### What is expected
With the images set aside, retype every record below character for character.

### Records provided
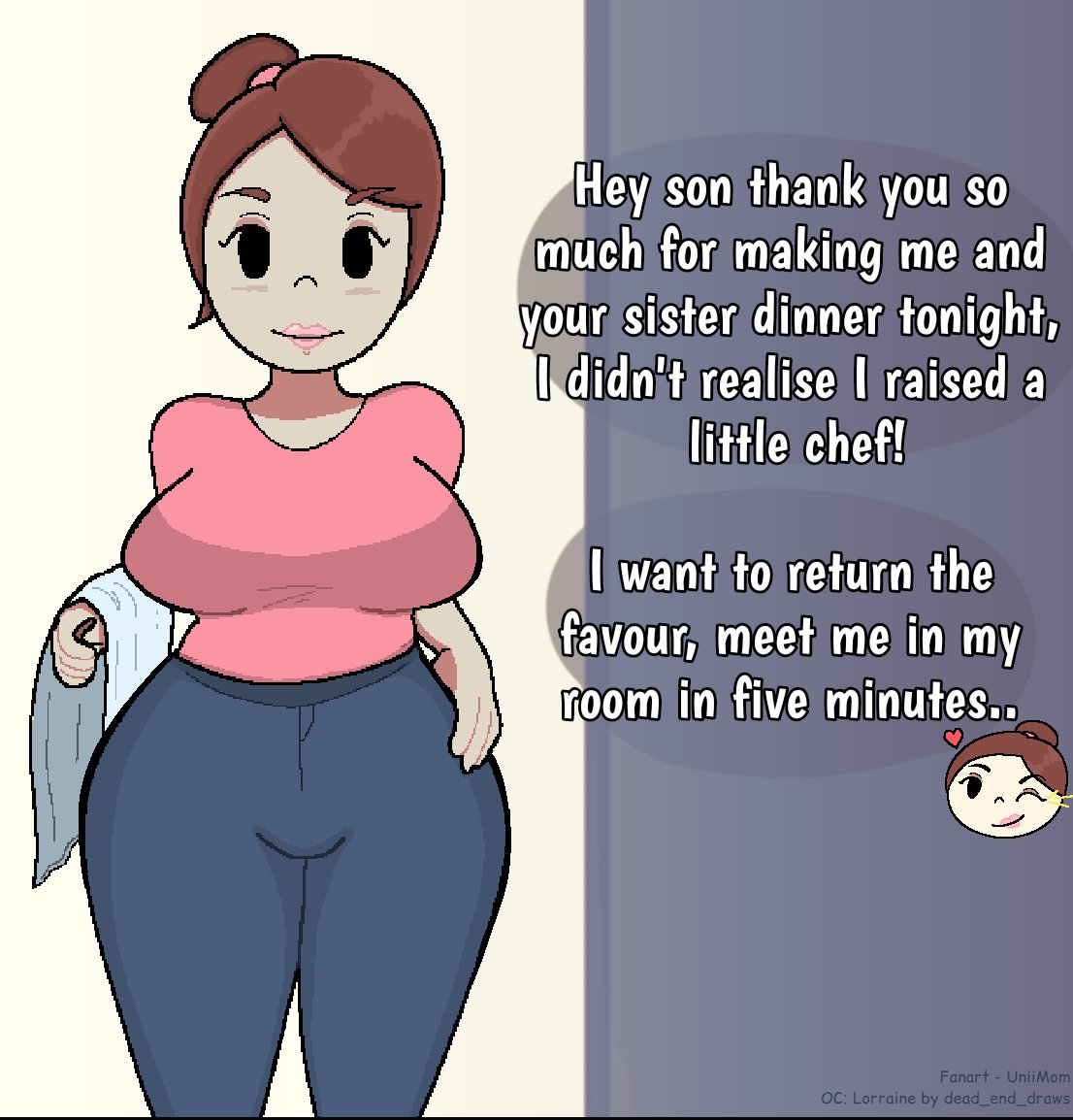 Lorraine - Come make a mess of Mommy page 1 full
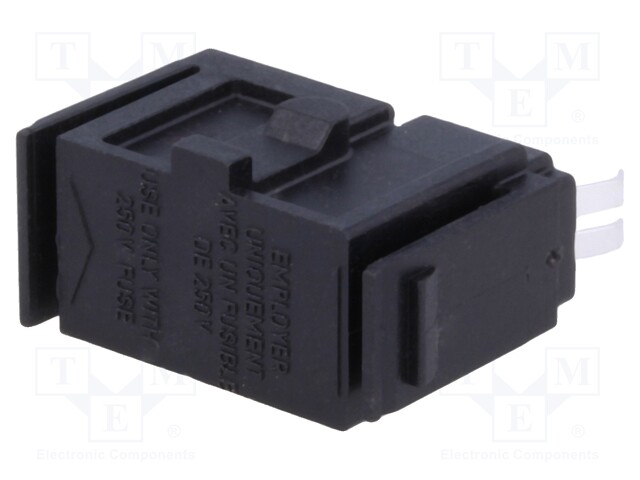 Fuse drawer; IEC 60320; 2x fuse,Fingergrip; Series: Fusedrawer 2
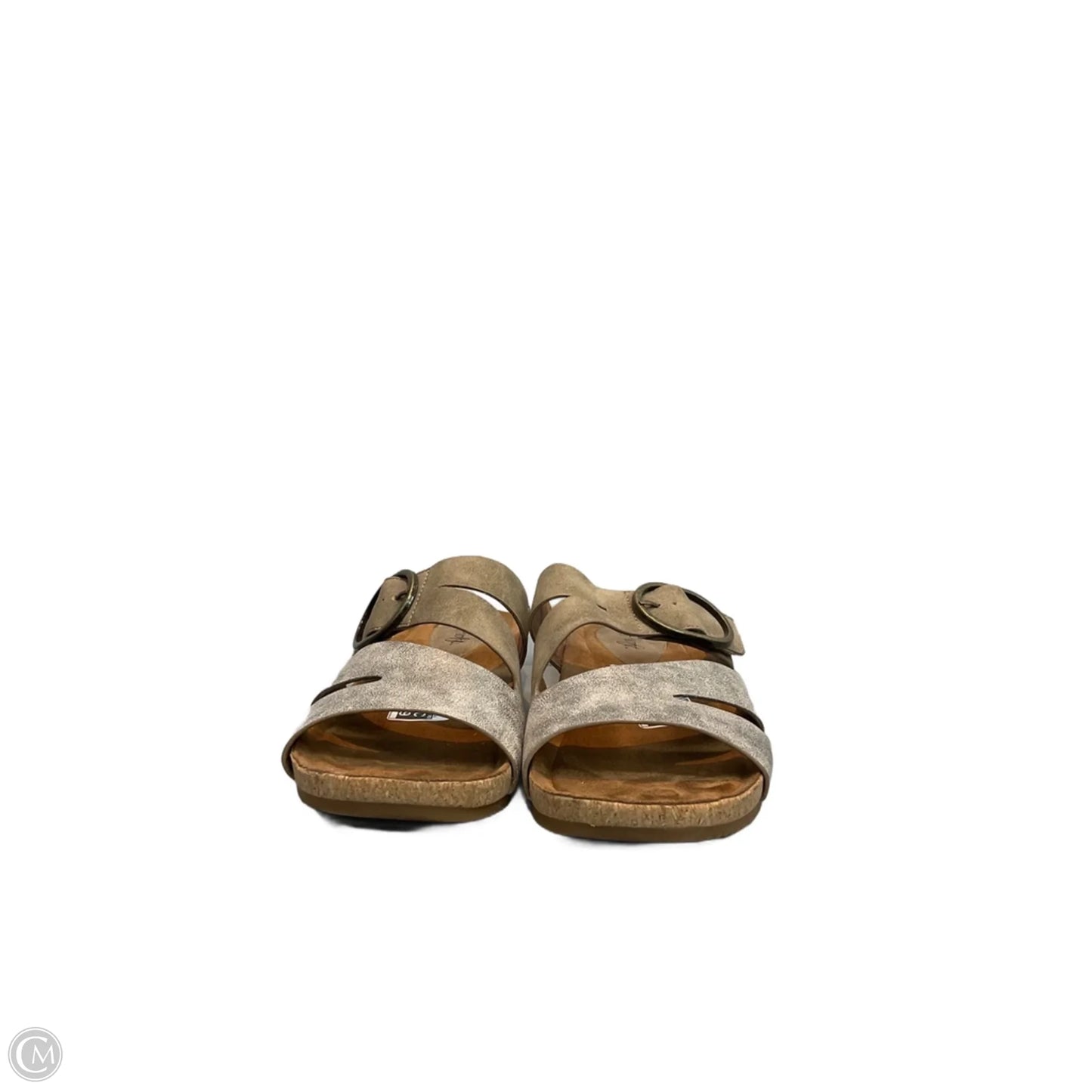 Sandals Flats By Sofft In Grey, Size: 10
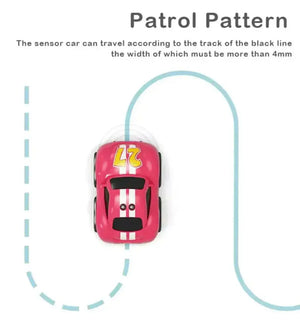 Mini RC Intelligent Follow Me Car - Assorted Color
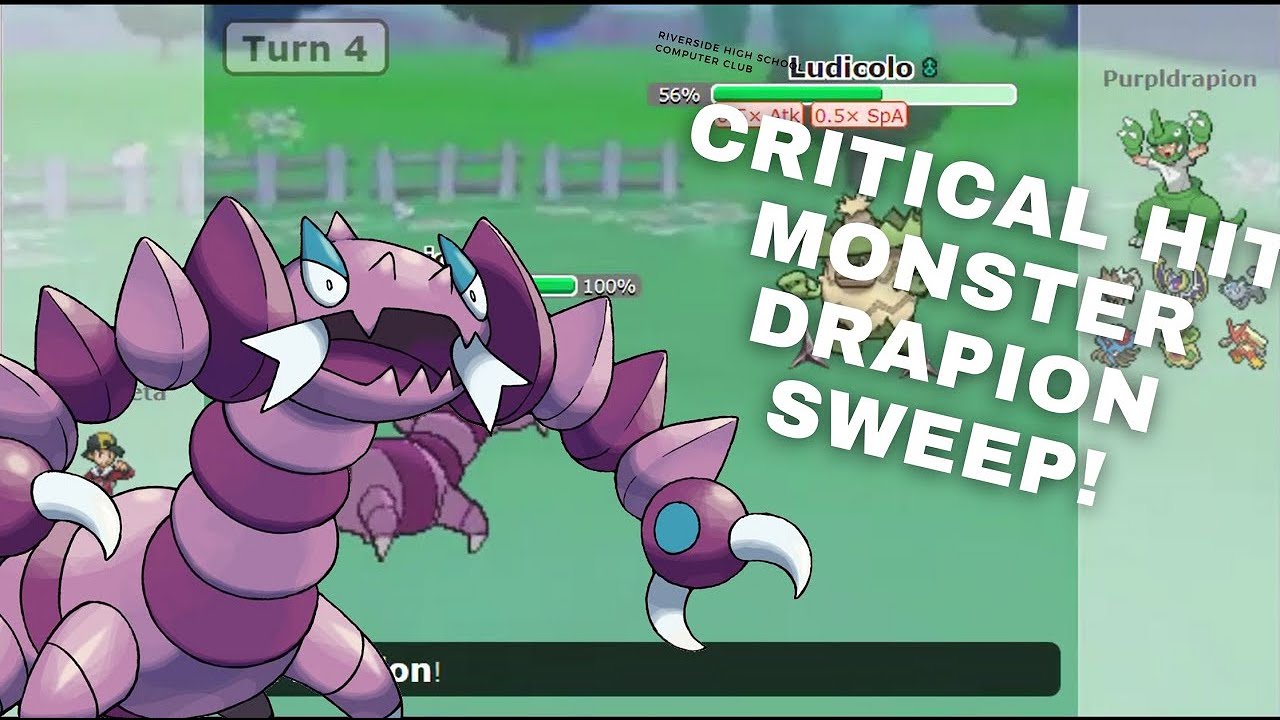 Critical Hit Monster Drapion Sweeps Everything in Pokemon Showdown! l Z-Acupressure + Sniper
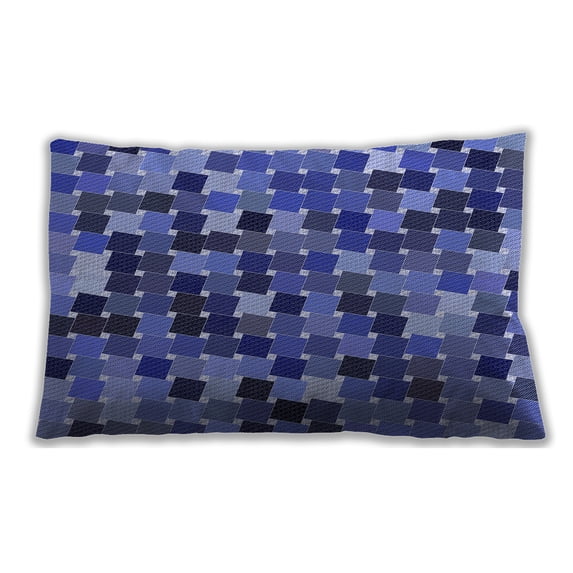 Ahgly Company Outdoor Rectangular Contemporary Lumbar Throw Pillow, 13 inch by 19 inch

### Solution to this task
 Lorraine - Come make a mess of Mommy page 1 full
 Fuse drawer; IEC 60320; 2x fuse,Fingergrip; Series: Fusedrawer 2
 Sandals Flats By Sofft In Grey, Size: 10
 Mini RC Intelligent Follow Me Car - Assorted Color
 Critical Hit Monster Drapion Sweeps Everything in Pokemon Showdown! l Z-Acupressure + Sniper
 Ahgly Company Outdoor Rectangular Contemporary Lumbar Throw Pillow, 13 inch by 19 inch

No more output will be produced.